Deep Learning-Based OCR Solution in Python
Leverage docTR to perform accurate text extraction and recognition from images.
What is docTR API for Python?
docTR (Document Text Recognition) is an open-source deep learning-based Optical Character Recognition (OCR) library in Python. It provides state-of-the-art text detection and recognition for scanned documents, images, and PDFs. By leveraging modern deep learning architectures, docTR ensures high accuracy and efficiency in extracting text while preserving document structure.
docTR is widely used for document digitization, automated data extraction, and AI-powered text recognition applications. It supports multiple languages, handwriting recognition, and GPU acceleration for enhanced performance.
Key Features of docTR API
- Advanced Deep Learning OCR: Uses neural networks for precise text detection and recognition.
- Multi-Format Support: Works seamlessly with images, PDFs, and scanned documents.
- Handwriting Recognition: Detects and extracts handwritten text with remarkable accuracy.
- Multi-Language Recognition: Supports various languages and scripts.
- Optimized for Speed: Efficient text extraction with GPU acceleration.
- Preserves Document Layout: Retains structure during text recognition.
- Scalable and Open Source: Free to use and actively maintained for continuous improvements.

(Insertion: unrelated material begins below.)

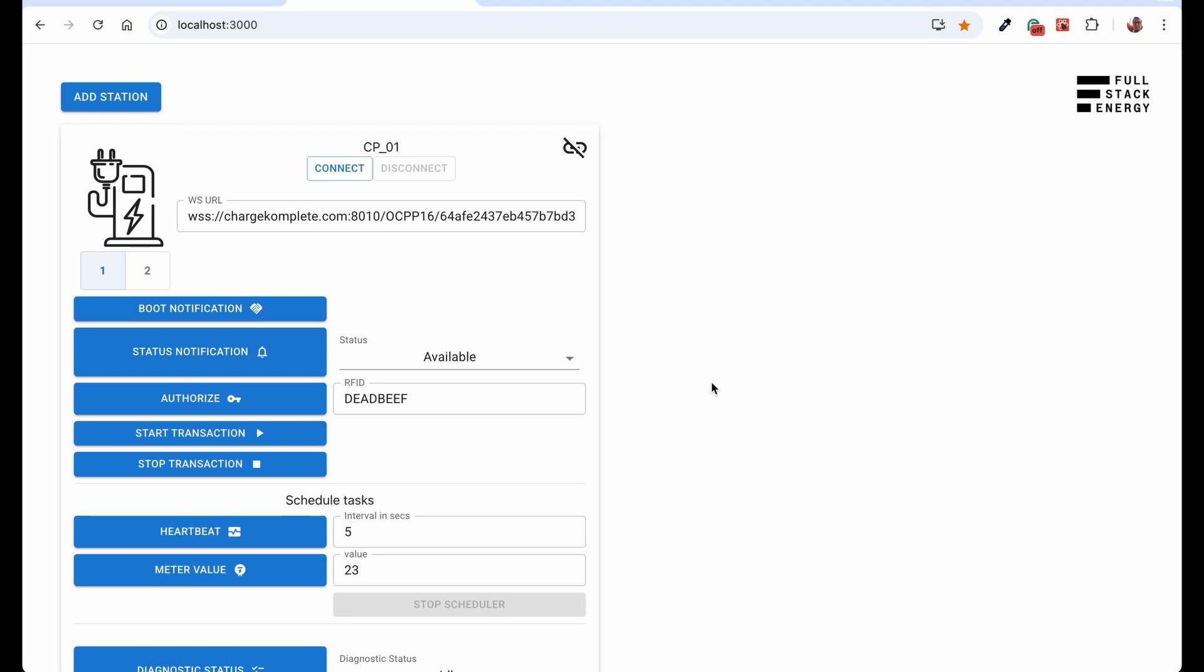Hi, my name is Christian and I'm working as an engineer in Fullstack Energy. In this video, we will be talking about authorize action in OCPP 1.6 version.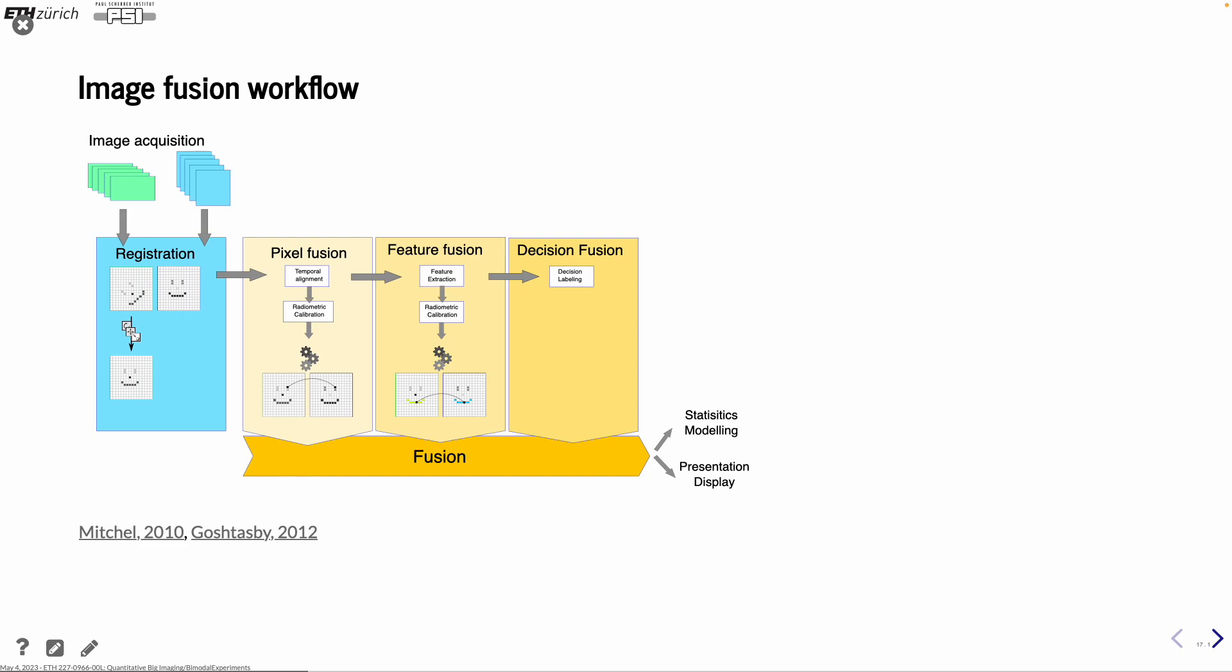And the final one is looking at first you have to do some kind of labeling of the objects in order to do your fusion. This is the one I have actually seen least of in the different practical works. But the other two, they are actually used quite a lot now. And finally you have your fusion, which then brings you on to either you do statistics and modeling from this data, or else you can also, or actually both, you can also do some presentation or display of your data in a better way.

Getting Started with docTR API
To install docTR, use the following pip command:
Install docTR
pip install python-doctr
If you want to enable GPU acceleration for faster processing, install additional dependencies:
Install GPU dependencies
pip install tensorflow-gpu torch torchvision
Code Examples for Text Extraction Using docTR API
Below are several examples demonstrating text extraction from images and documents using docTR.
Example 1: Extracting Text from an Image
This example demonstrates how to load an image, apply OCR with docTR, and extract the text. The extracted text includes its position within the image, making it useful for structured document processing.
Extract Text from Image
from doctr.io import DocumentFile
from doctr.models import ocr_predictor
doc = DocumentFile.from_images("sample.png")
model = ocr_predictor(pretrained=True)
result = model(doc)
print(result.export())
Example 2: Processing a Multi-Page PDF Document
If you need to extract text from a PDF file containing multiple pages, docTR simplifies the process. The example below shows how to extract text from every page efficiently.
Extract Text from PDF
from doctr.io import DocumentFile
from doctr.models import ocr_predictor
doc = DocumentFile.from_pdf("sample.pdf")
model = ocr_predictor(pretrained=True)
result = model(doc)
print(result.export())
Example 3: Recognizing Handwritten Text
docTR can also recognize handwritten text, making it ideal for digitizing handwritten notes, forms, or historical documents. This example demonstrates extracting text from a synthetic handwritten document.
Extract Handwritten Text
from doctr.models import ocr_predictor
from doctr.datasets import synthetic_documents
doc = synthetic_documents()[0]
model = ocr_predictor(pretrained=True)
result = model(doc)
print(result.export())
Conclusion
docTR API is a powerful deep learning-based OCR solution that simplifies text extraction from images, PDFs, and handwritten documents. It ensures high accuracy while preserving document structure, making it a valuable tool for AI-driven document processing, automation, and data extraction.
Whether you're working on document digitization, automated data entry, or AI-based text recognition, docTR provides a flexible and efficient solution tailored to your needs.